Some might use the question as a springboard for griping, which tells you something right away. Other practical individuals might mention any of a wide variety of items, be it classroom management, standards alignment, or that darn online gradebook.
The people who will impress me the most are the ones who say "Nothing. We need to continually diversify our thinking, give us more perspectives, challenge us."
Look at it this way. Let's say we asked "What things, if any, do we need to simplify for rocket scientists?" A little easier to say "nothing" in that case. Astrophysicists need to have the intellectual complexity and creativity to handle any wrinkle thrown at them.
Why aren't educators the same? They should be. With the implementation of NCLB, Iowa was the only state that put all of its eggs in one basket, trusting professional development as the key to improving student achievement. The theme said over and over was "Good teaching matters most."
The irony is, the way we package our programs sends the opposite message. Sir Ken Robinson highlights this in his new book The Element:
Too many reform movements in education are designed to make education teacher-proof. The most successful systems in the world take the opposite view. They invest in teachers. The reason is that people succeed best when they have others who understand their talents, challenges, and abilities. This is why mentoring is such a helpful force in so many people’s lives. Great teachers have always understood that their real role is not to teach subjects but to teach students (249).

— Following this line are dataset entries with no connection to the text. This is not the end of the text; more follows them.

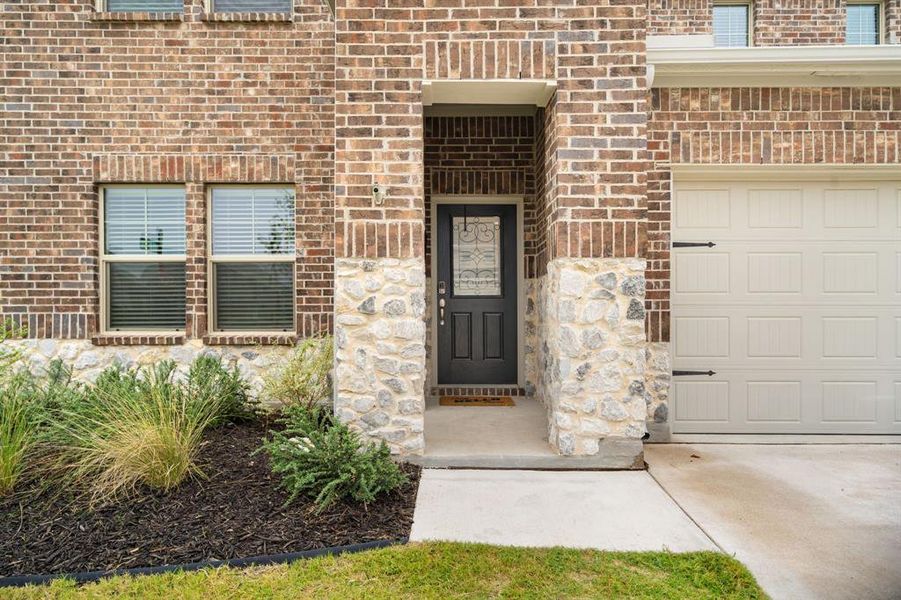 Front exterior of a new home in Northstar, Haslet, TX, highlighting curb appeal (Image 22).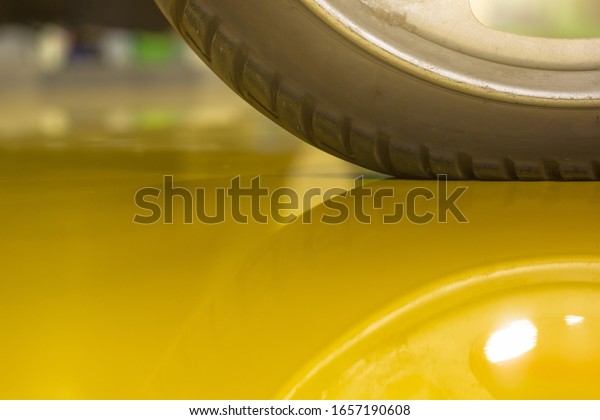 Motorbike wheel on the
yellow epoxy floor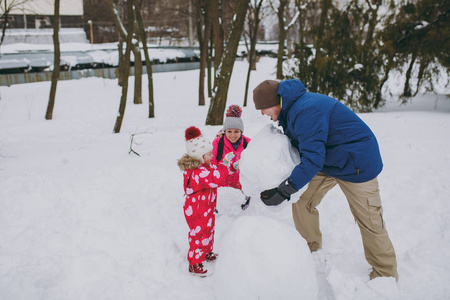年轻的家庭妇女，男人小女孩在冬天穿暖和的衣服玩耍，在雪地公园或森林户外堆雪人。冬季好玩，节假日休闲..家庭生活方式的概念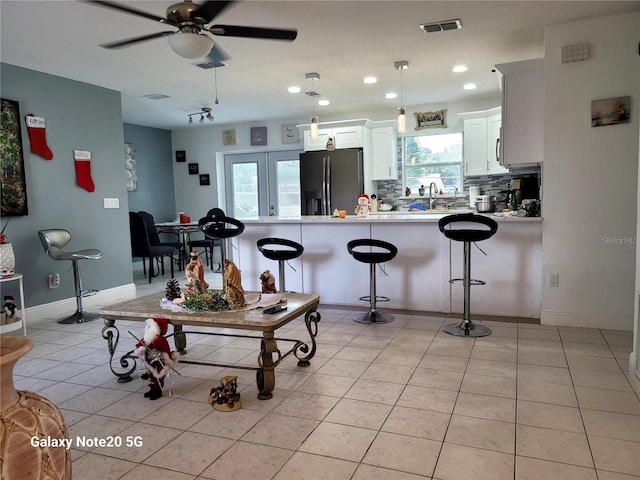 kitchen with white cabinets, hanging light fixtures, ceiling fan, appliances with stainless steel finishes, and a kitchen bar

Which is true. We have more and more drop-in-place programs used in education than general philosophies. Here is "math instruction in a box" or "classroom management in a box". Interesting that we know to interject complexities for students to help them realize their potential... we don't say to them "this is too tough for you, here's the simplified version". But, with teachers it is okay?

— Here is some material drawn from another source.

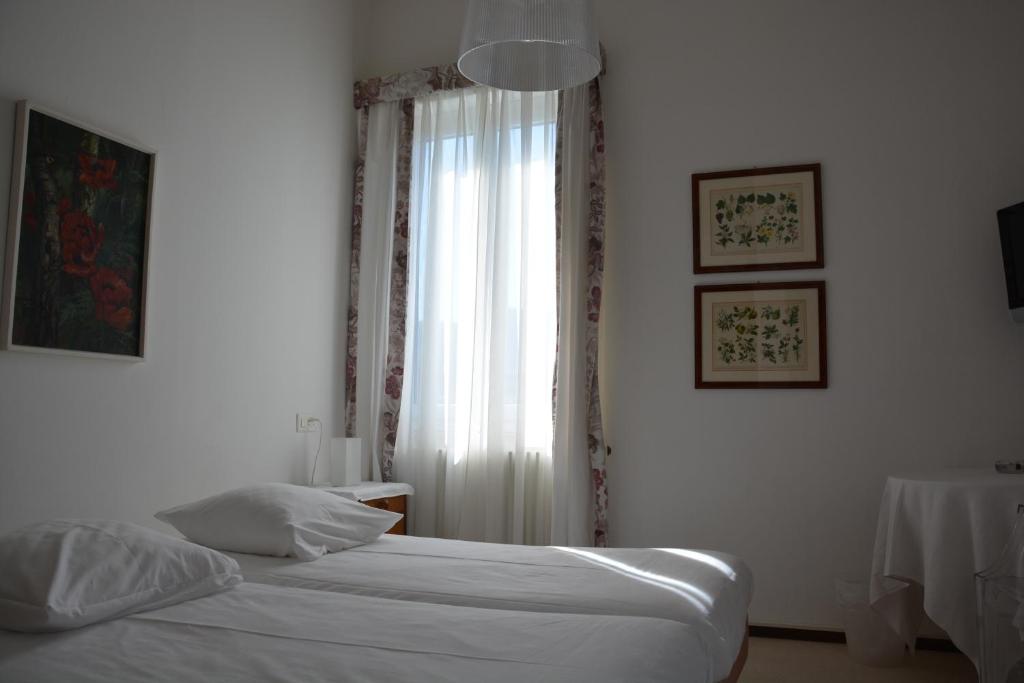 Postel nebo postele na pokoji v ubytování Hotel Villa Selva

There's a lot of new change that comes in the Core, in content, instruction, and assessment. And it strikes me as odd the number of people who say, "This is too much for teachers... they can't handle this much change. We have to make things simpler." And, this comes from administrators and teachers alike.

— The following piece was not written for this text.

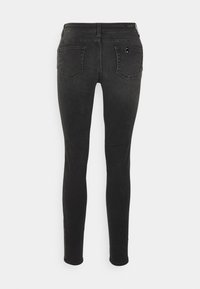 Jeans ajustados negros de mezclilla, con un diseño clásico de 5 bolsillos, cintura media y una textura suave.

For anyone who has been in the classroom (which excludes most of those clamoring for more scripted direct instruction, taking instructional decisions out of teachers hands), they know that the teacher makes thousands of instantaneous decisions each day. Words to say, who to call on, behaviors to address and avoid, connections to make, ways to diverge or converge thinking, and methods to assess. The teacher lives in this complex world all the time.
Therefore, we have to trust that the teacher can take all the complexities of the Core and make sense of them. We have to facilitate this with providing conversation, injecting questions, pushing back on their thoughts. But we can't come in and say "This is a tough part... we'll take it out of your hands." Even if teachers themselves ask for it.